> Citation needed re: "way more efficient". While that might seem intuitively true, it is not clear to me that it must be so in practice.
True, I'm not sure what the actual number would look like, but imagine these two pseudo code snippets:
```js
let tag = '';
for (let char = stream.readChar(); char != WHITESPACE; char = stream.readChar()) {
tag += char;
}
// parse props
// ...
document.createElement(tag)
```
```js
let tag = '';
let isCustomTag = stream.readBool();
if (!isCustomTag) { // easily more than 95% hit rate (humble guess)
tag = standardHTMLTags[stream.readUint32()];
} else {
// similar for loop as earlier
}
```
Optimisations along these lines but in tens of more situations like this, for both HTML and CSS. Also, a lot nuances, like how every text file is a valid html file and the parser just has to figure out the best structure while never throwing en error, would not need to be handled, or be handled in a website's build process.
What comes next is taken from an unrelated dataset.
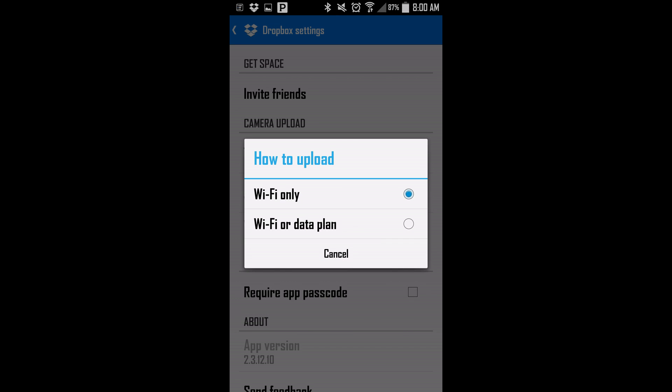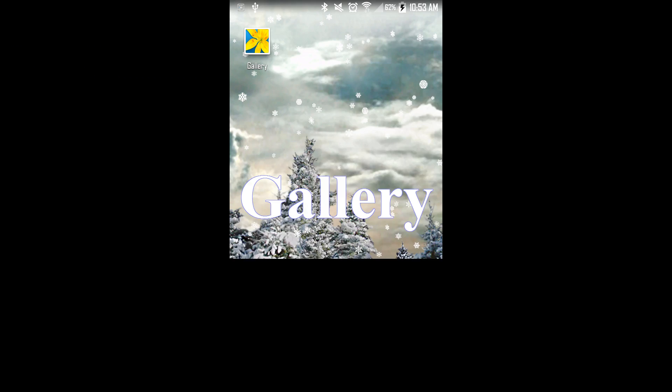All right, some of us don't really care about our cell phone data and we have unlimited money or have unlimited data. So you can just pick Wi-Fi or data to upload your pictures, or select Wi-Fi only if you don't want to waste your battery on data by hitting the settings button anytime in Dropbox and clicking where it says Wi-Fi only.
I'd have to write an actual implementation for proper numbers though, maybe over some weekend if after this discussion it actually seems like a optimisation worth the effort of implementation/adoption.
> I doubt however that for a modern RAM/CPU having to compare 128 or 256 bits which is roughly the length of most tokens makes much difference to comparing 32 bits.
Comparing more bits isn't the issue, the issue is those strings of bits being of variable length. If every HTML tag was 256 bits, going from 256 to 32 wouldn't have made much difference, but having to find the end of a string has a lot of overhead.
> All the rest of dealing with HTML/CSS like layout computation, event handling is going to eat most of the time and the benefit of small tokens will be dwarfed completely while the downside of lost readability of the raw data will be real.
Yea tbh that could be the case. There won't be any loss of readability other than custom indentation details and comments, but the performance improvement would probably only be around 1-2% of the loading time. I just ran a quick profiler on this page for first 2 seconds of loading and parsing HTML took 71.9ms. I'm guessing it could go down to, let's say, around 20ms. That's more or less all what it would do.